- _Instructions to follow_
Begin at the line containing "#ad Banco De" in the records below, end at the line containing "картинка Хлопковый модал, комбинезон", and retype each line in that span exactly. No other line and no image should appear.

- _Material to process_
>>>>>
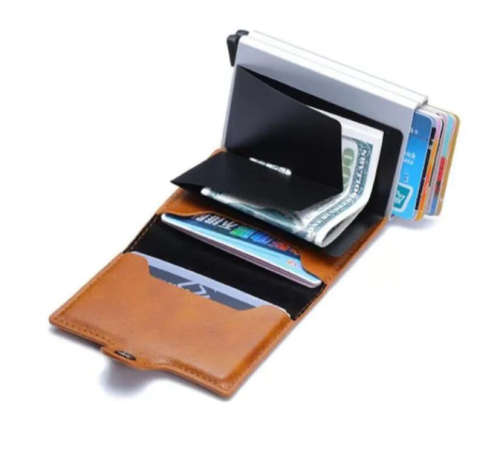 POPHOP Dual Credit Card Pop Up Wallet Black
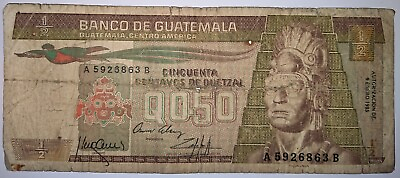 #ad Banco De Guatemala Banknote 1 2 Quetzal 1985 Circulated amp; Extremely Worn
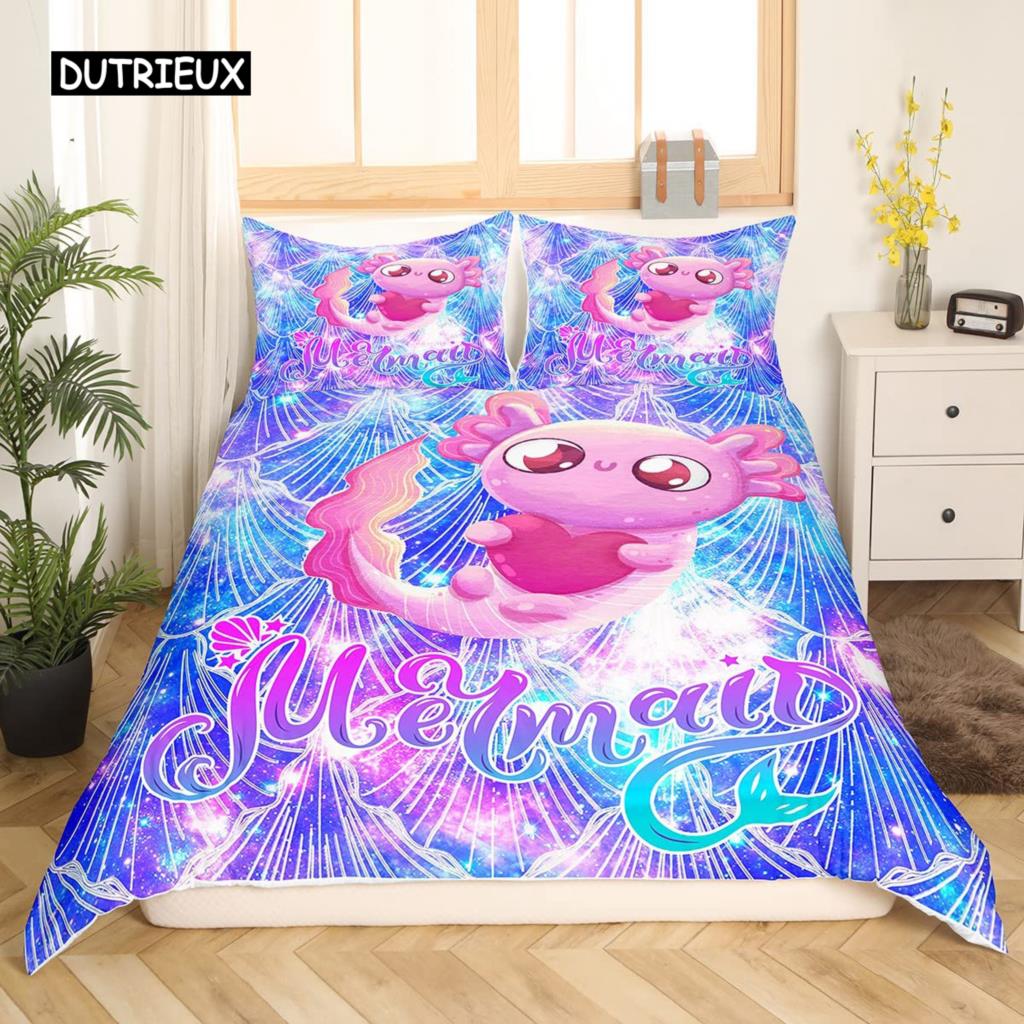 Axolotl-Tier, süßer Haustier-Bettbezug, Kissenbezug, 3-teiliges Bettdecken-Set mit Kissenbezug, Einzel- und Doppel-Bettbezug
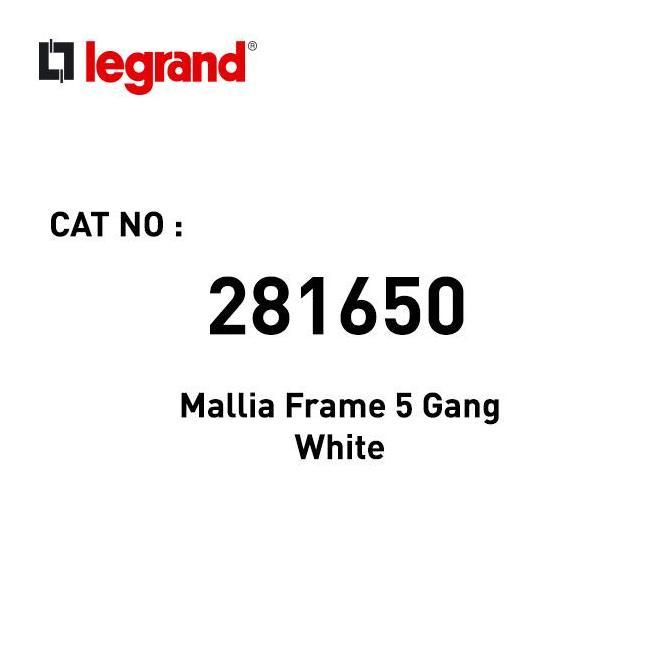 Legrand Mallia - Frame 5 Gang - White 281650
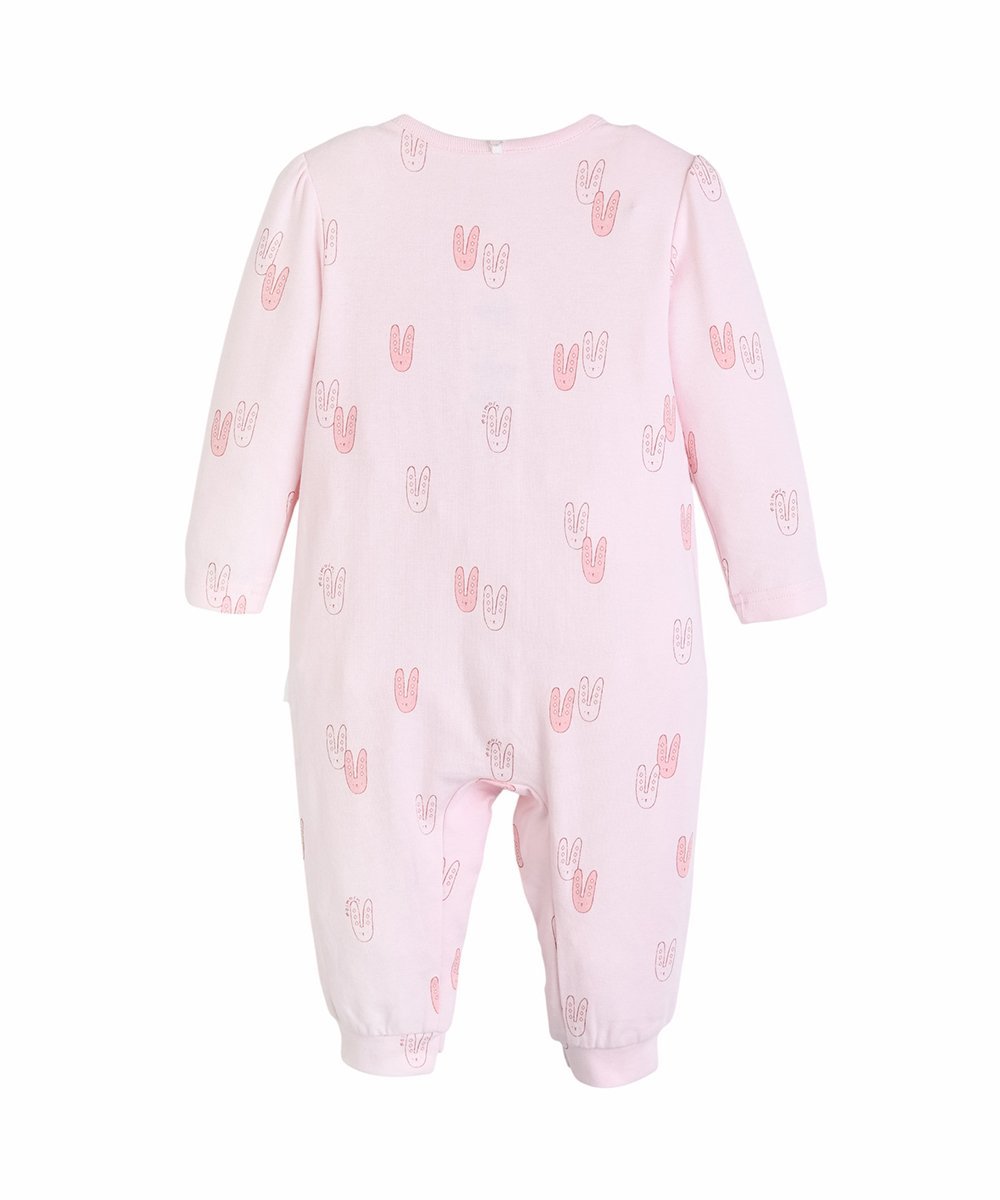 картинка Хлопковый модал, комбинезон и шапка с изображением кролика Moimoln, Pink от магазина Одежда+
<<<<<
>>>>>
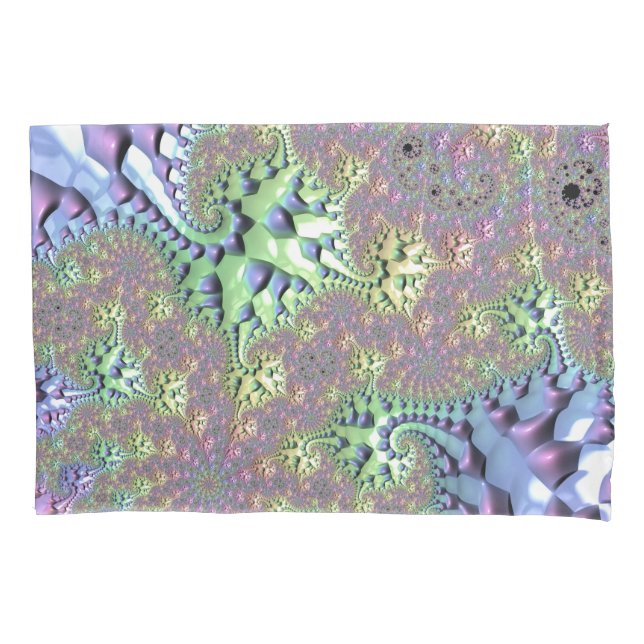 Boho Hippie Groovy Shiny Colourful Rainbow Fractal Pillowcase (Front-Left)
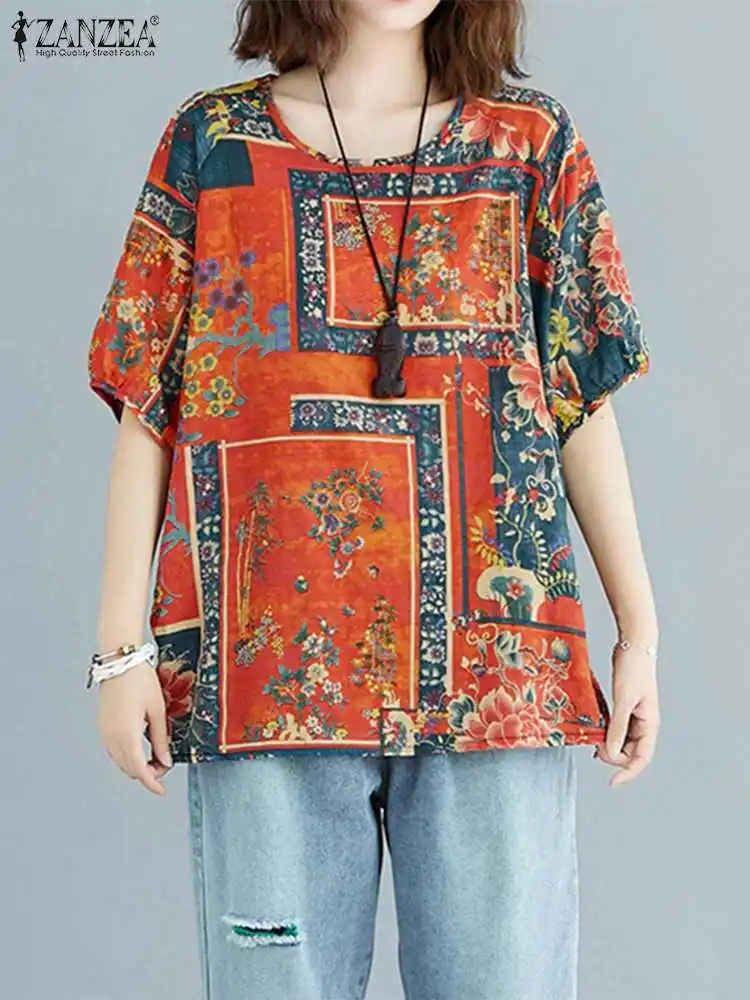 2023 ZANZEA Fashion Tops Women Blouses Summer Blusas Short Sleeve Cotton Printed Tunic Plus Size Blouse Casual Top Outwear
<<<<<
- _Finished exercise_
 #ad Banco De Guatemala Banknote 1 2 Quetzal 1985 Circulated amp; Extremely Worn
 Axolotl-Tier, süßer Haustier-Bettbezug, Kissenbezug, 3-teiliges Bettdecken-Set mit Kissenbezug, Einzel- und Doppel-Bettbezug
 Legrand Mallia - Frame 5 Gang - White 281650
 картинка Хлопковый модал, комбинезон и шапка с изображением кролика Moimoln, Pink от магазина Одежда+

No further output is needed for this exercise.